Liberty DeVitto - drums; Kevin Dukes - electric guitar; Peter Hewlett - backing vocals; Russell Javors - acoustic guitar; Billy Joel - vocals, piano, guitar; David LeBolt - keyboards; Mark Rivera - alto and tenor saxophone; George Simms - backing vocals; Doug Stegmeyer - bass, vocals; Oleg Smirnoff - onstage translator
Soviet Union leader Mikhail Gorbachev's late 80s glasnost policy encouraged freedom of expression and relaxed the suppression of media. This allowed for two things: Public dissent against the soviet state; and a Billy Joel pit-stop on his world tour supporting The Bridge. After the signing of a cultural exchange agreement between Russia and the States, Joel was the first American pop musician to tour Russia with a full stage show (John Denver and Dave Brubeck, among others, had already made the rounds, but not with 100-person entourages). As such, Joel's tour was noted as sparking some of the very first non-uniform responses to a cultural event in Russia. The New York Times wrote of the previous night's performance: "At the rock concert, held Sunday night at the Olympic Stadium, thousands of people, energized by the presence and music of Billy Joel, bolted from their seats an hour into the performance and started dancing in the aisles and pressing around the stage… Many of the people there said they had never witnessed, much less taken part in, such a breakdown in the normal decorum at a public performance."
"The music is going to be played very, very loudly," Joel warns the audience, requesting that any who depart early give their tickets to those who couldn't get in.
Joel's set is marked by an emphasis on his attempt to communicate his Northeast American upbringing to the Moscow audience. He stresses "Scenes From An Italian Restaurant," "Allentown," and "Big Man On Mulberry Street" (which was recorded for his then-current release, The Bridge). And this partial set is ended with "The Longest Time," which Joel introduces as being "a little history lesson" in "New York a cappella," the type of thing they'd do on the street-corner while skipping school.
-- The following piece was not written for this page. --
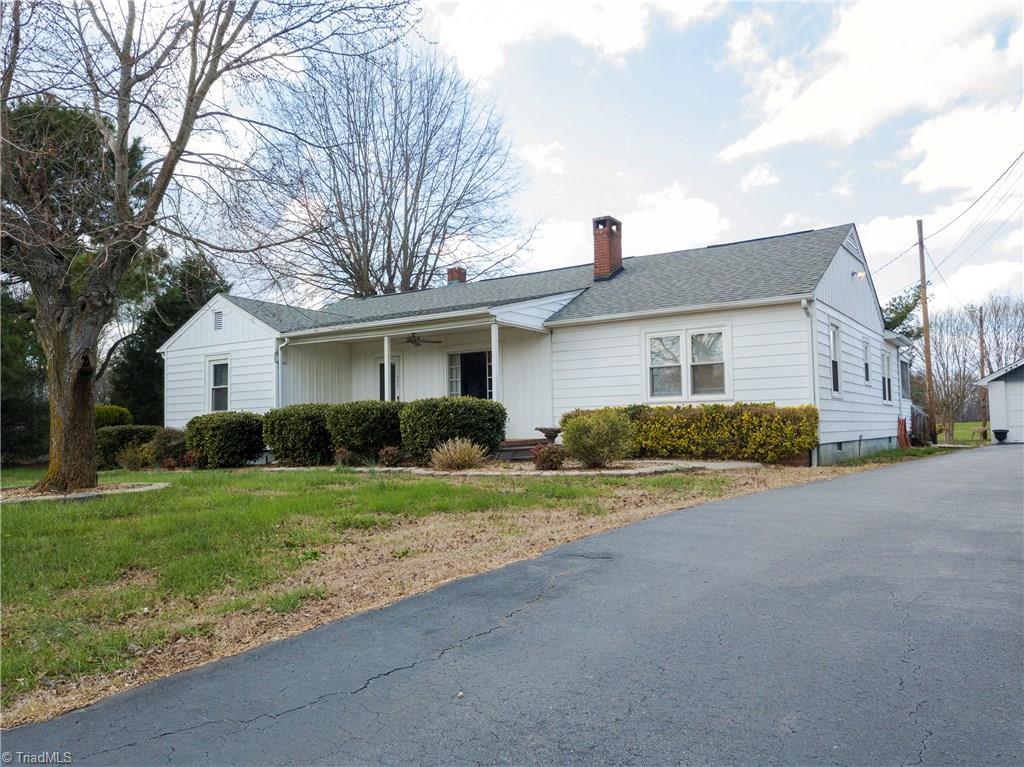 359 Deadmon Road Mocksville, NC 27028 - Photo 3 of 30 359 Deadmon Rd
Joel's introductions ebb on the long-side. Feeling the weight of the tour as a political expression, Joel forgets that the audience just wants to rock. Before "Big Man On Mulberry Street," he notes having played Gershwin's "Rhapsody in Blue" for the audience as a prelude to the show, saying that it "represents the heart and the soul of New York City." The long-winded explanations are somewhat amusing, as Joel tries to explain to the Russian crowd his New York heritage through a translator. But from a listening standpoint, it is interruptive and unnecessary to an American audience. This small downside is more than made up for by Joel's humor. At the end of "Goodnight Saigon," Joel plays a few chords of Rachmaninoff, before scolding himself for not taking his piano lessons more seriously.
As a performer, Joel seems to be having a great time, with lots of his characteristic vocal embellishments. However this is likely the same show where Joel smashed a synthesizer out of frustration with his camera crew shining lights into an already timid audience's eyes. That incident, unfortunately, is not captured on this recording. The rest of the Russia engagement went on without a hitch, as the pop-rock diplomat traveled to Leningrad. A reputed history buff, Joel must have been having the time of his life sitting at this Cold War crossroads.